Monday, February 14, 2011

Hercules, No. 8 - Ulysses vs. Hercules (1962)


Returning now unquestionably to the Hercules franchise, we find it as we left it – stupid, incompetent, bad. Ulysses vs. Hercules sounds as though it should be another crossover. Hopefully, not after the dreadful Maciste Against Hercules in the Vale of Woe, as movie as likely as any to provoke audience suicide. But here’s the thing – Ulysses vs. Hercules is not a crossover!

Eh, not technically. There was no Ulysses franchise during the peplum heyday, seeing as 1958’s original Hercules had already staked out Ulysses as a character of their own (along with roughly 14 other mythological heroes, spoiling everyone’s fun). Thus Ulysses, or at least use of that name, is a repeating element of these Hercules films, even if today’s Ulysses has about 0 continuity with any of the other Ulysseses so far.

Despite that, Ulysses vs. Hercules plays like a crossover, making that central battle between muscle-bound heroes the true focus of the piece, far more so than Vale of Woe ever dared. No 3-second grand battle for this ‘un, it makes the whole movie about the musclemen’s duel, almost as an act of atonement for Part Seven.


A narrator starts us off easily enough, flat out explaining that Ulysses has angered the gods, what with blinding the Cyclops and all that.

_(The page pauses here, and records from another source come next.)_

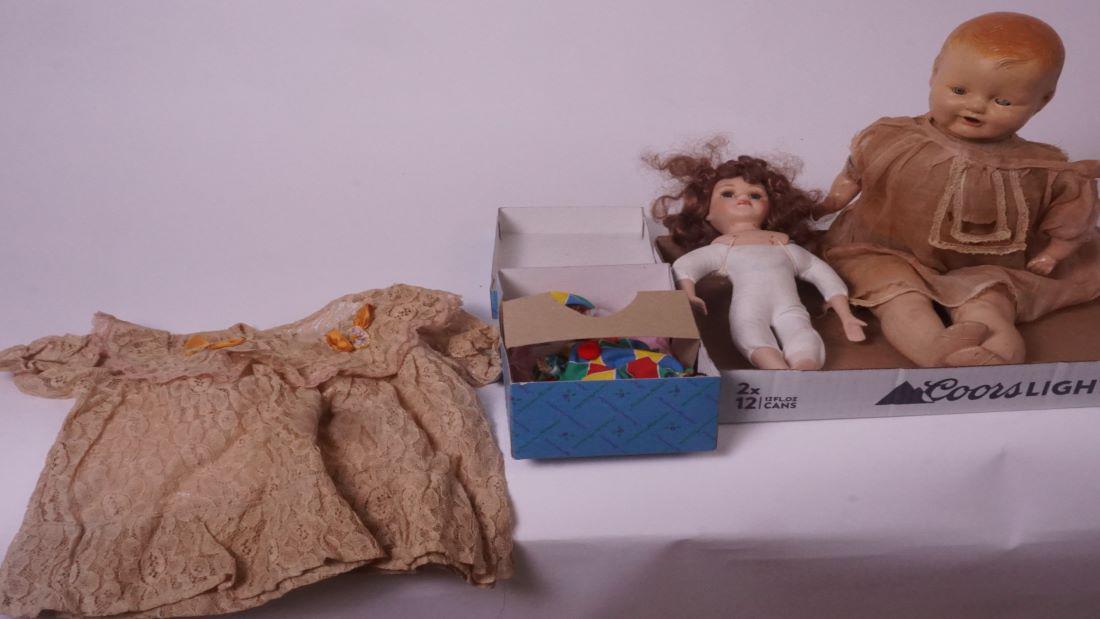 Lot of Vintage dolls porcelain, madame alexander, composition doll, doll dress clothes (1 of 3)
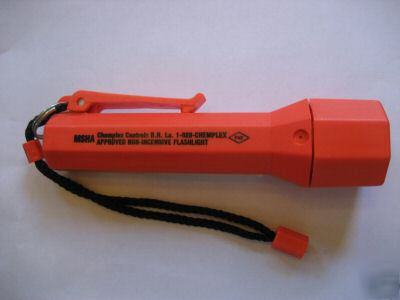  pelican super sabrelite 2000 flashlight - orange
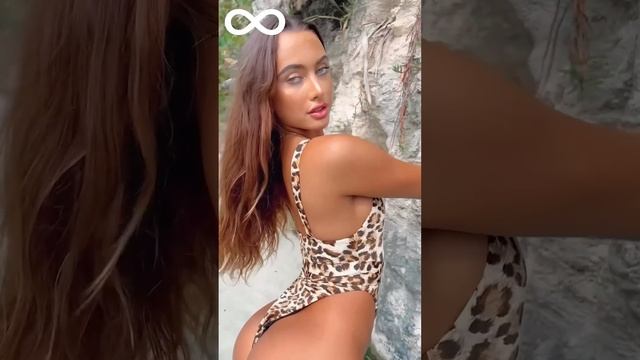 Kamila Davies | American/Brazilian Model, Instagram Sensation & Influencer  - Bio & Info
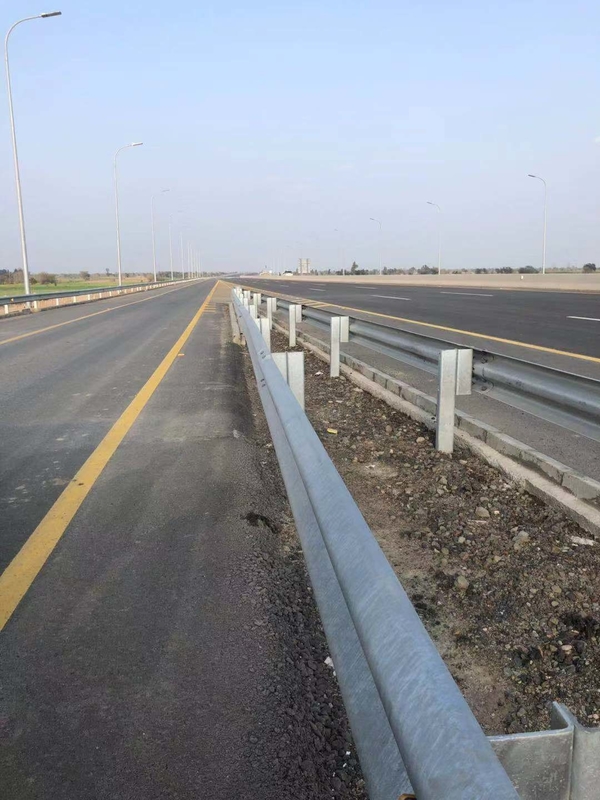 Q235 Steel Roadway Guardrail Systems Crash Barrier For Traffic Safety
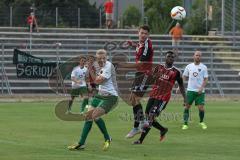 Regionalliga Bayern - FC Ingolstadt 04 II - 1. FC Schweinfurt 05 - Ecke Kopfball vorbei von Sammy Ammari (9) und rechts Aloy Ihenacho (11)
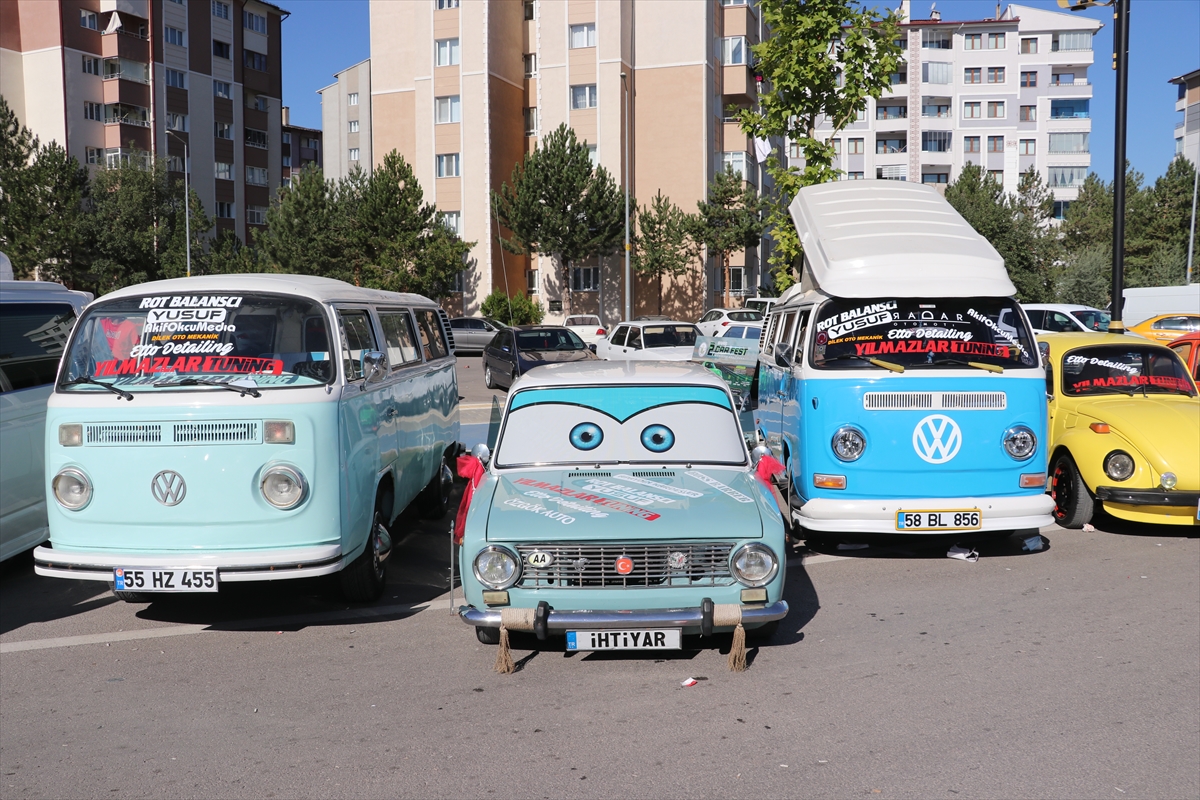 Sivas'ta, Modifiye Araç Tutkunları Buluştu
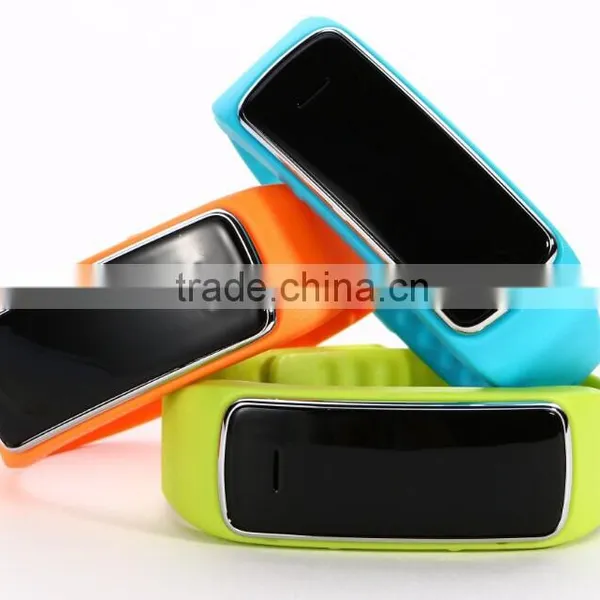 2015 Fashionable Digital OLED Smart Wristband Pedometers Fitness Activity Tracker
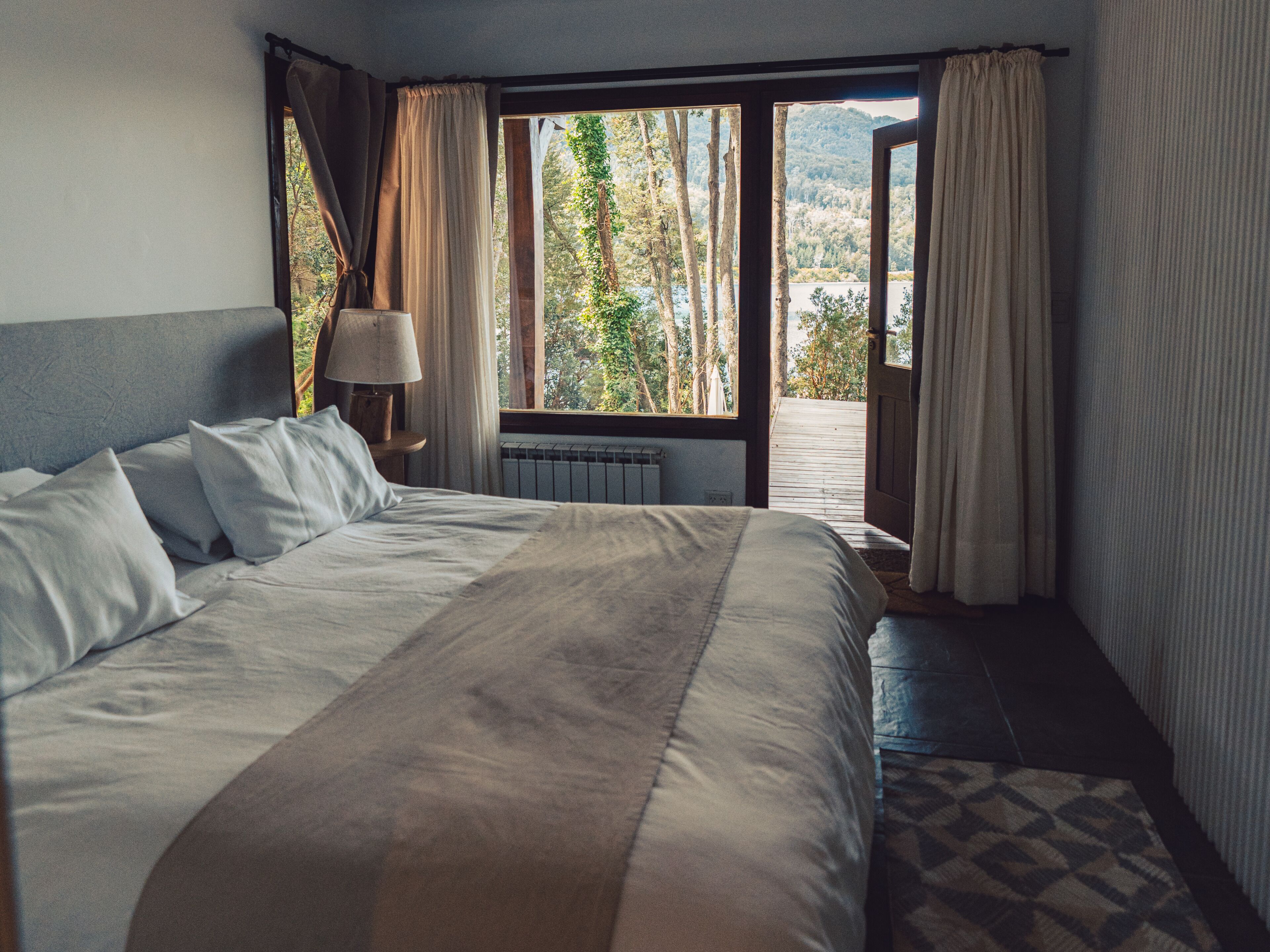 Espacio para trabajar con laptop, cortinas blackout y wifi gratis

Eh, just like that one Maciste movie, Maciste in the Land of the Cyclops. For their vengeance, the gods have sent mighty Hercules to capture and kill Ulysses. …See how easy that was, Vale of Woe?! Huh?! One minute in, already they’ve justified a film’s worth of contextless strongman shenanigans.

Ulysses makes for a much more sensible Herculean foe than Maciste ever did, anyway, as Ulysses is different from Hercules. It’s not just two interchangeably dumb, muscular nitwits thumping each other with folding chairs this time! It’s brain vs. brawn, smartass vs. dumbbell, words vs. action. To accept this, we must ignore some awkward casting, how Ulysses (George Marchal, a rare French he-man) is beefier and all around burlier than the ostensibly ginormous Hercules (Mike Lane). (It’s no good sign when your peplum stars can be so relegated to mere parentheticals, without greater context.)

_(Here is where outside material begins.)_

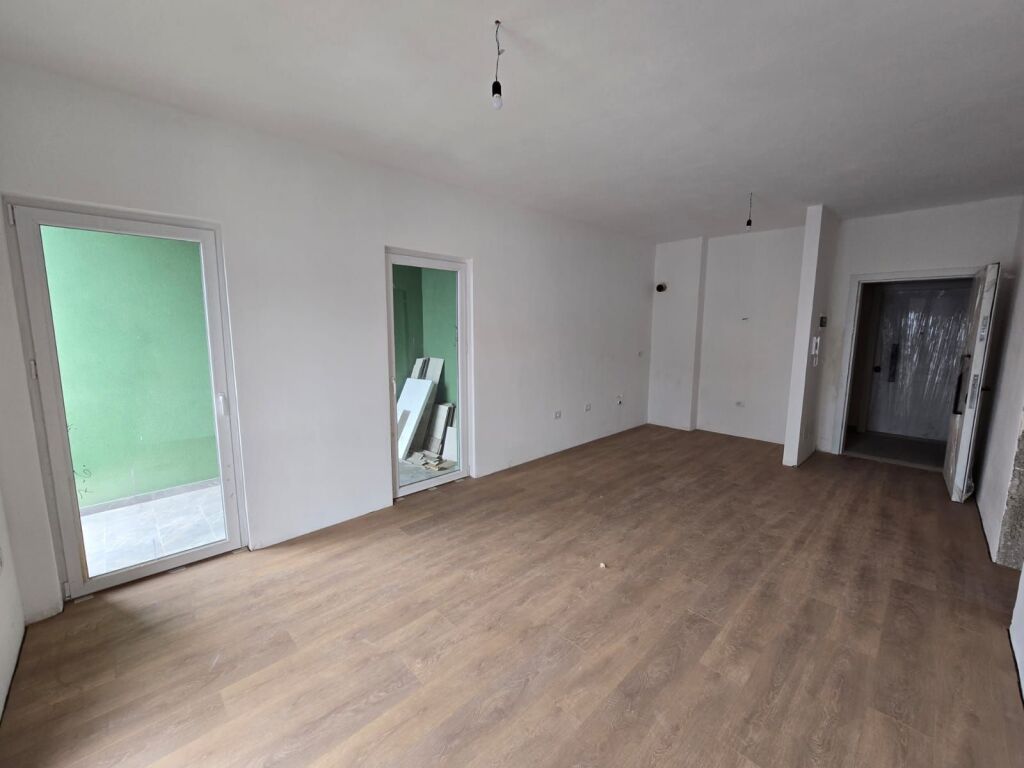 📌Shitet Apartament 2+1+2 – Kompleksi Tirana Entry 2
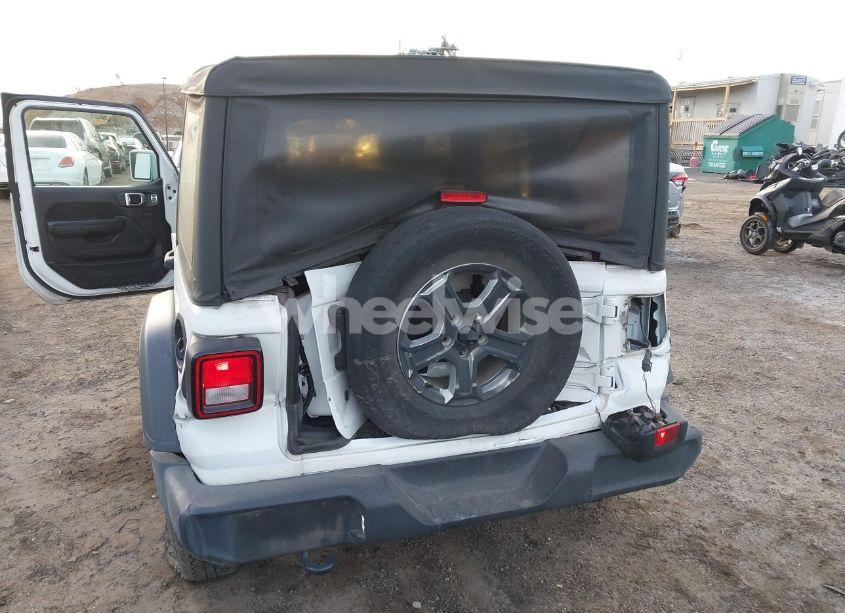 Photo 6 of 2018 Jeep Wrangler UNLIMITED SPORT S 4X4 (VIN 1C4HJXDG5JW152693)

There’s a little confusion as to whom Hercules is, even – at least if you’re watching the version I am. As far as the terrible Alpha Video DVD is concerned, this is Ulysses vs. the SON of Hercules. Huh?! Actually, it’s a repackaging of an old U.S. TV show, “The Sons of Hercules,” which was a part of the great American tradition of somehow relating every random peplum back to Hercules, usually by changing up Maciste’s or Samson’s name. This wouldn’t always fly, not with screwy legal precedent to the name “Hercules” (this still doesn’t make any sense to me), so 14 assorted pepla (acquired by Embassy Pictures via almost completely utter randomness) were retitled so their heroes could claim as Hercules’ sons. With all the Herc hulk’s mighty whoring about, it’s easy to assume a progeny of interchangeable he-men such as this. So names like “Ursus” or “Perseus” remain, though they’re now considered Herc’s genuine seed, and not just his copycat progeny. This does to mythological consistency what land mines do to torsos, but whatever.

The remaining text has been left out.